* **SUPPLIED DATA**
########################################
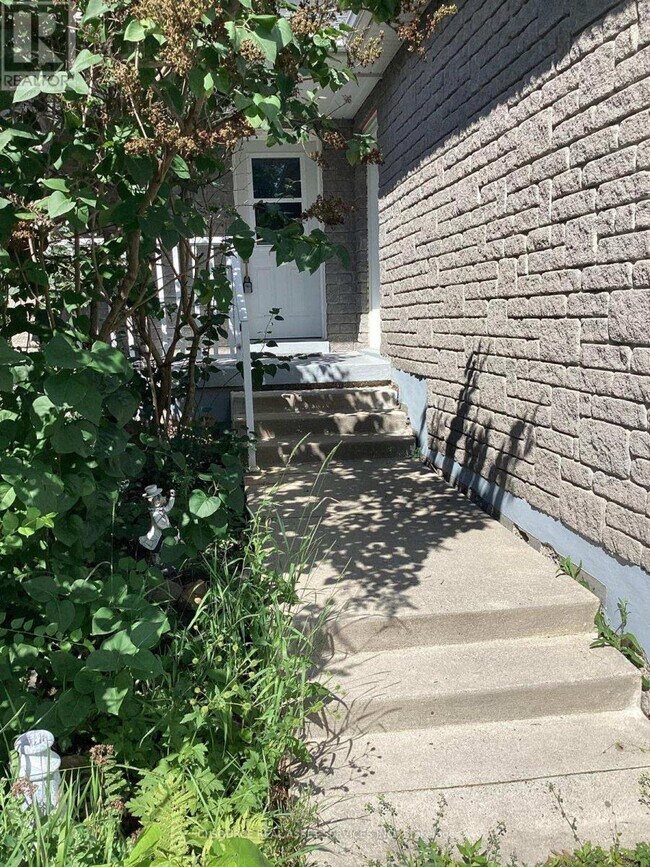 Photo - 72 Adams St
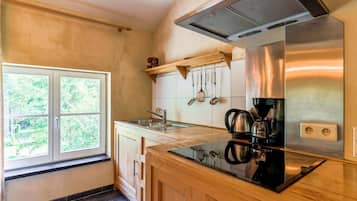 Micro-ondes, four, plaque de cuisson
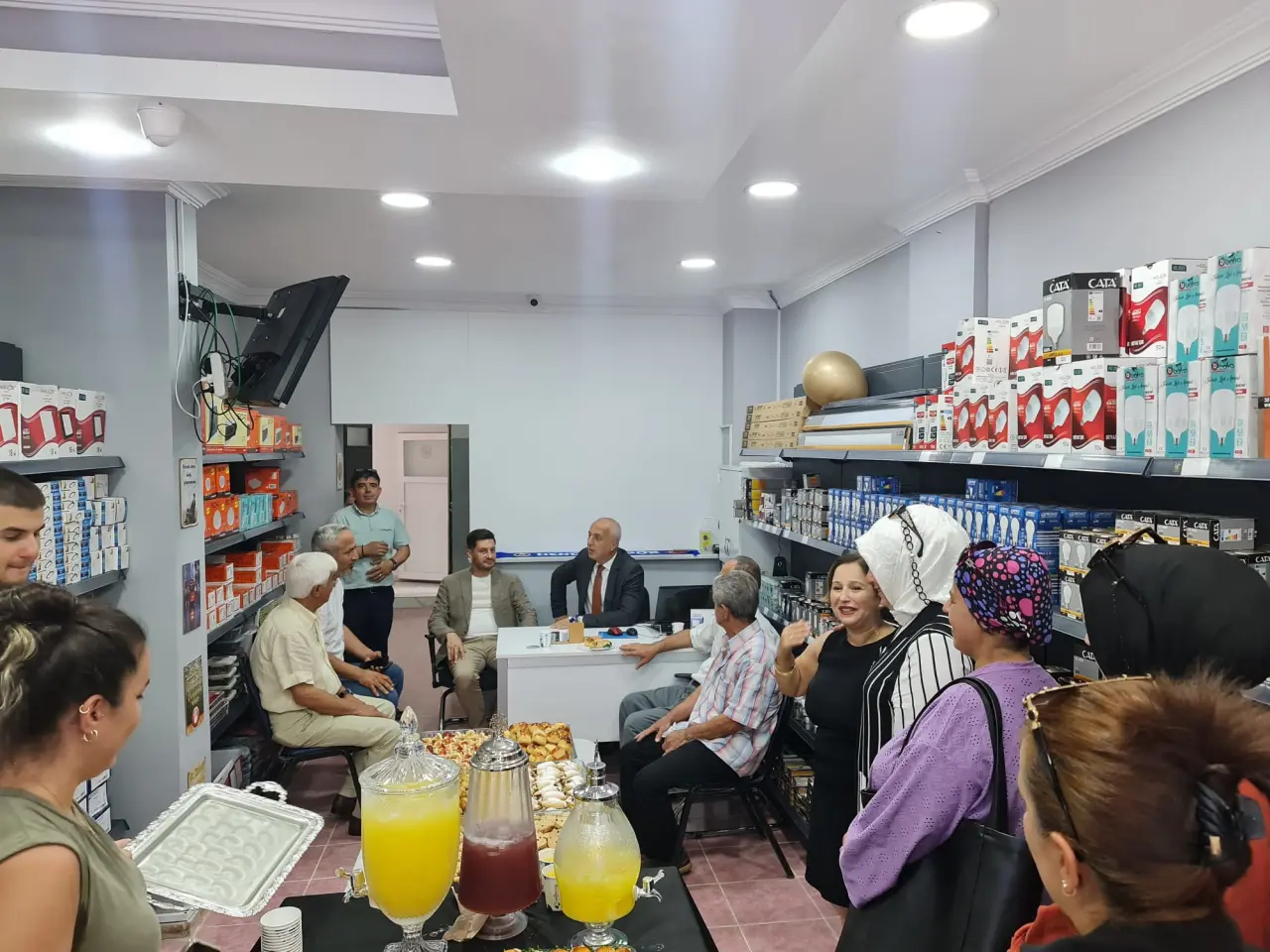 Haber: İz Elektrik hizmete açıldı - Galeri-3
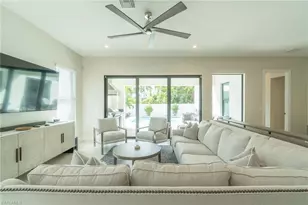 822 105th Ave N, Naples, FL 34108 - Photo 6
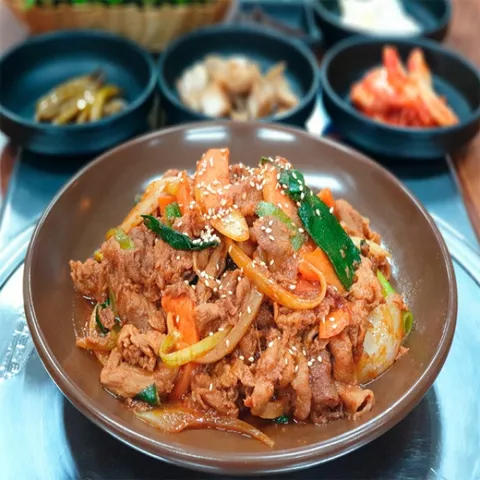 [상호맘] 돼지앞다리살 고추장불고기 500g 2팩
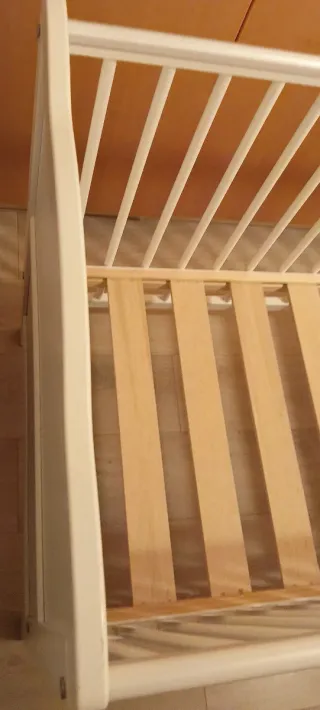 Cuna de bebé blanca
########################################
Reproduce the data word for word, excluding its pictures.

 Photo - 72 Adams St
 Micro-ondes, four, plaque de cuisson
 Haber: İz Elektrik hizmete açıldı - Galeri-3
 822 105th Ave N, Naples, FL 34108 - Photo 6
 [상호맘] 돼지앞다리살 고추장불고기 500g 2팩
 Cuna de bebé blanca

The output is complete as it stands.